Lealailepule is calling on the Electric Power Corporation (EPC) to investigate this plunder.
“We are losing millions over this,” he said.
Lealailepule is not blaming the Government but the company hired by EPC to provide the cash power or pre-paid electricity meters.
The issue was raised in Parliament two weeks ago, and the Minister responsible for EPC Manu’alesagalala Enokati Posala said EPC was looking at employing a different contractor to provide cash power meters as the current meters are not secure.
Parliament heard that a lot of people are using electricity illegally through meter tampering and is costing the Government millions of dollars a year.
Also raised in the press conference was the sudden power cut last Sunday night.
Tautua believes in order for EPC to solve this problem they need to invest on quality diesel.
“They need to hire an expert engineer to monitor the generators,” said party whip Lealailepule Rimoni Aiafi.
According to Lealailepule, if a generator was bought from Japan, the contract should have included an engineer from Japan to work at Fiaga for a year and train locals and oversee any technical problems as now experienced.
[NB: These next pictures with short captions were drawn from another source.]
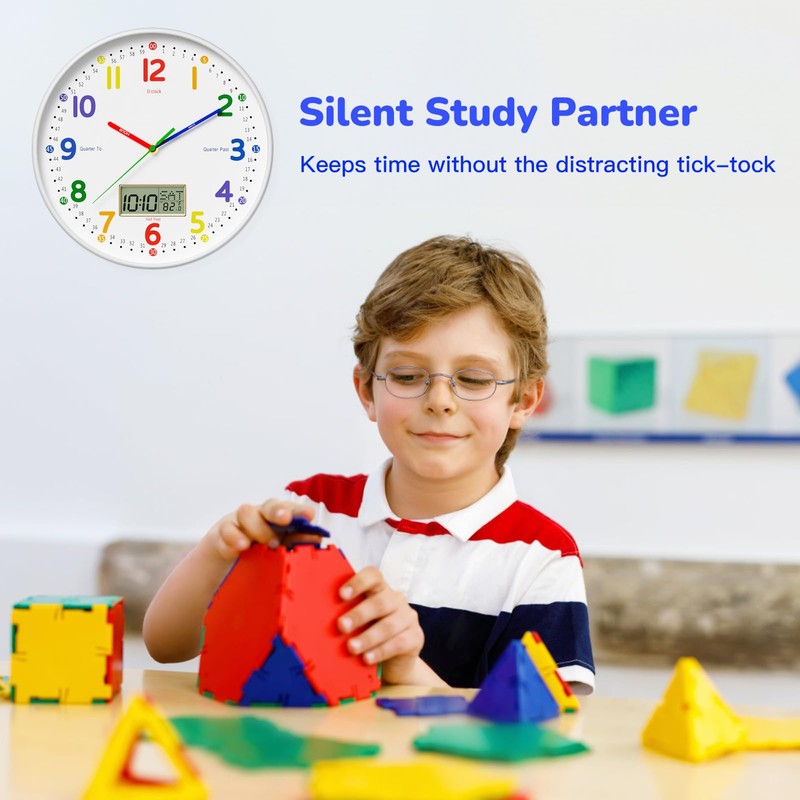 lanktoo 12" Silent Teaching Wall Clock with LCD Date Weekday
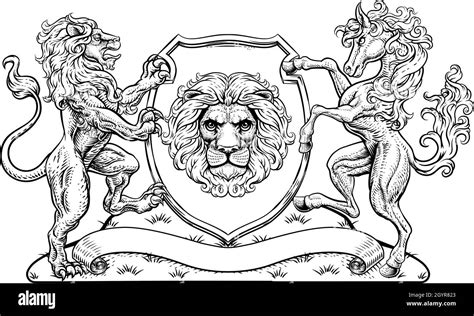 Heraldic lions flanking Stock Vector Images - Alamy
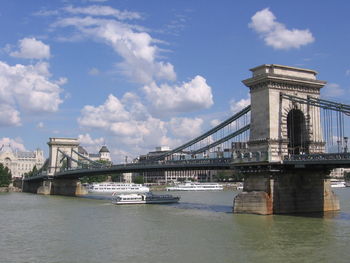 View of bridge over river against cloudy sky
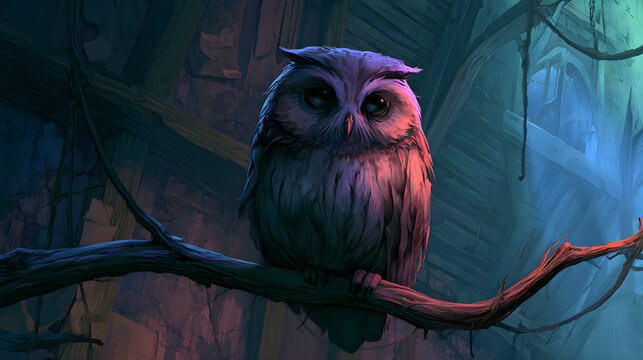 Halloween wallpaper, owl perched on a crooked branch at night in a creepy old attic, gothic and mysterious charm, purple and green color palette, photorealistic style, dramatic shadow contrast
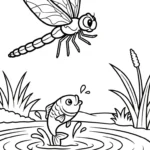 coloriage Libellule a imprimer pour enfant de 4 ans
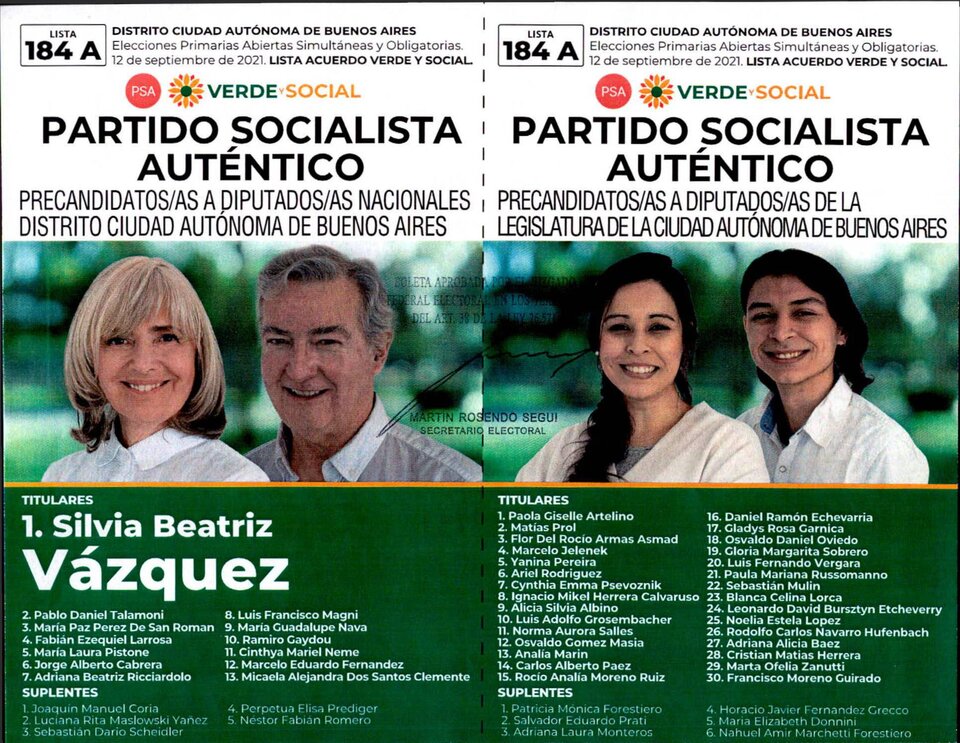 PASO 2021: te presentamos las boletas, candidatos y candidatas “Partido Socialista Autentico”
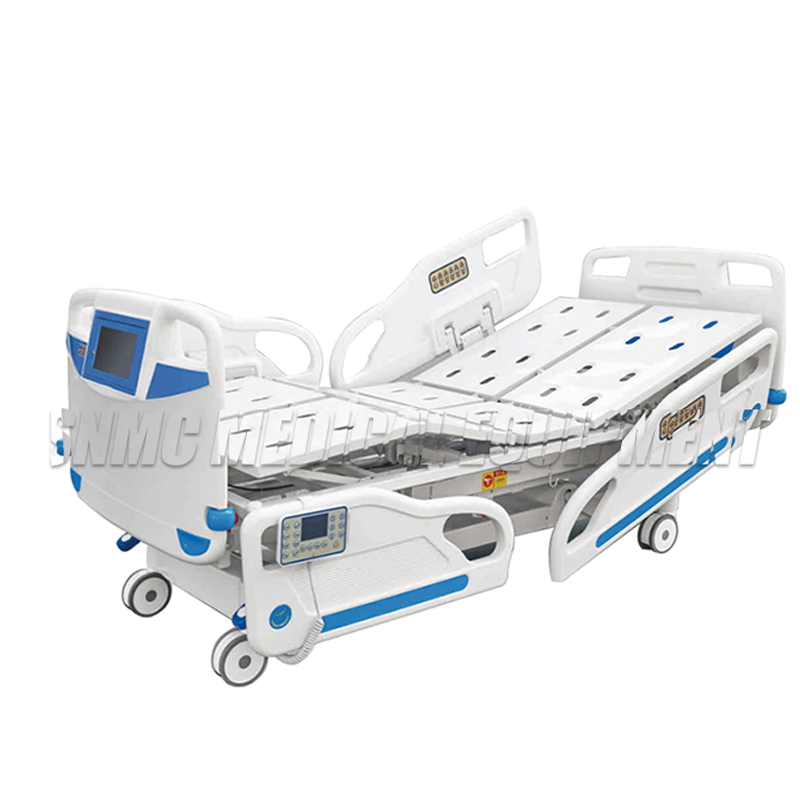 Hospital bed electric remote control with five adjustable options, movable with handbrake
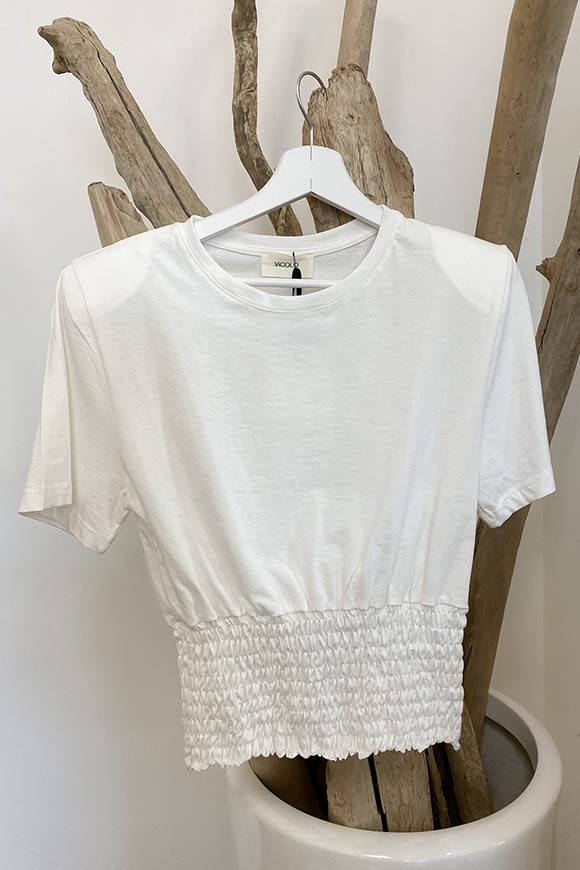 Vicolo - T-shirt bianca fondo arricciato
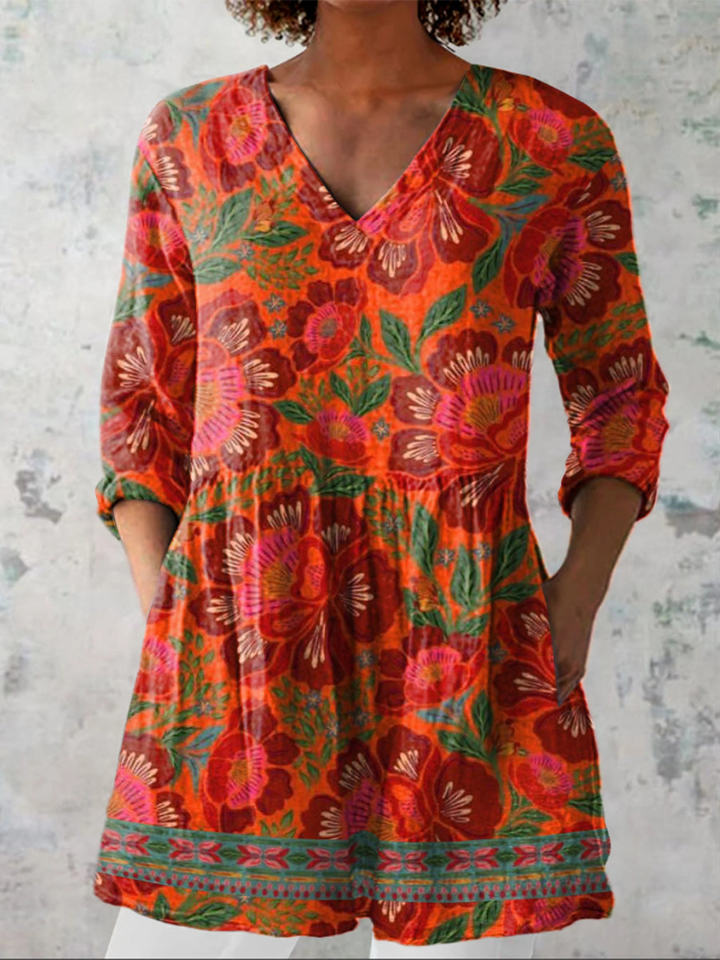 Cordula | Long blouse with V-neck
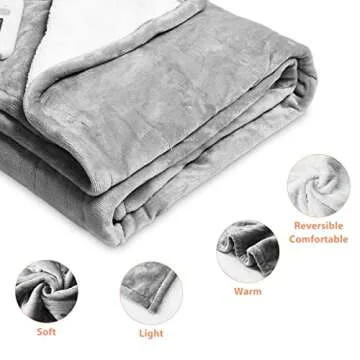 Lukasa Electric Throw Reversible Sherpa/Fleece Heated Blanket, Machine Washable,ETL Certified,5 Setting Levels 4 Hours Auto-Off, 50" x 60" (Gray)
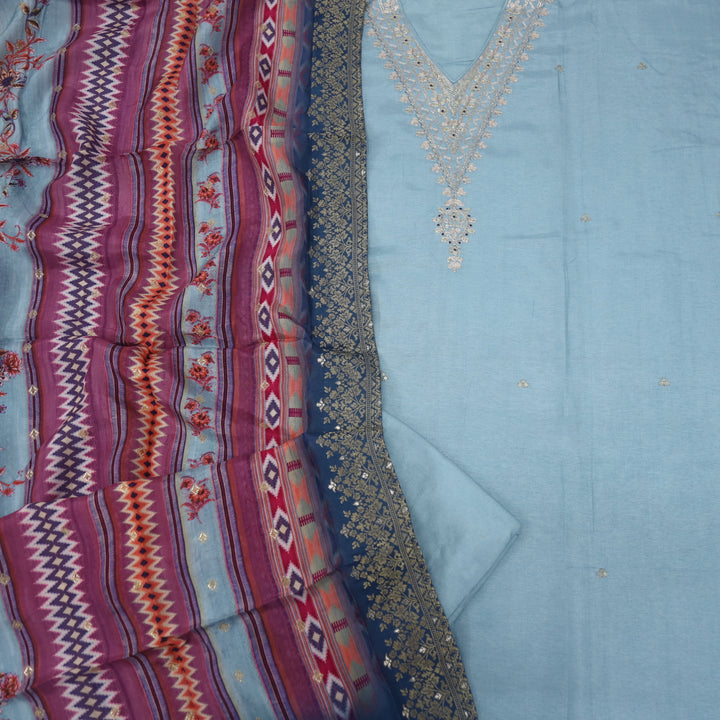 Sufiya Sky Blue V Neck Zari Work Embroidery Dola Silk Suit Set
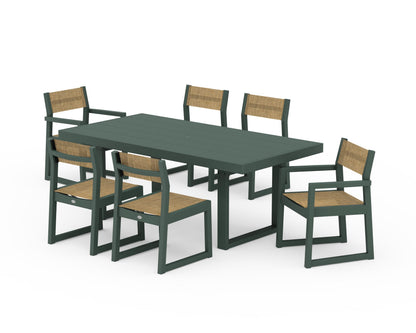 POLYWOOD® EDGE Sling 7-Piece Dining Set in Green / Burlap Sling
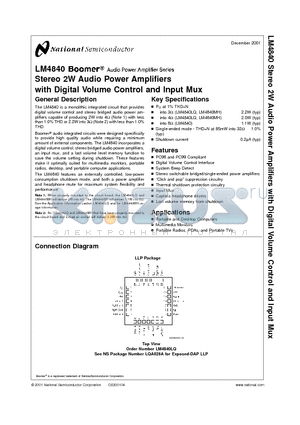 LM4840 datasheet - Stereo 2W Audio Power Amplifiers with Digital Volume Control and Input Mux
“They don’t have to wait for months to get someone from overseas to do the job,” said Lealailepule.
“They also need to look at using quality diesel to operate the generators,” said Levaopolo Talatonu Vaai, shadow minister for EPC.
Tautua believes the reason given yesterday by the EPC Chief Executive Officer Tologata Tile Lei’a Tuimalealiifano was just an excuse.
They also rubbished the response from the EPC Minister, Manu’alesagalala Enokati Posala who blamed the diesel used to generate electricity as the cause of the power cut.
“If the diesel is the problem, then they need to look at quality diesel,” said Lealailepule.
Tautua said the answer to the problem is very simple.
“Buy another generator to make up for the 2.2 megawatts needed to cater for the peak demand of electricity usage,” said Levaopolo.
He believes the system shuts down when the usage goes above 17 megawatts at peak demand when the system cannot cope.
Manu’alesagalala said there was no need as there are two reserve generators at Fiaga.
Levaopolo insists the four generators at Fiaga are all in full operation now.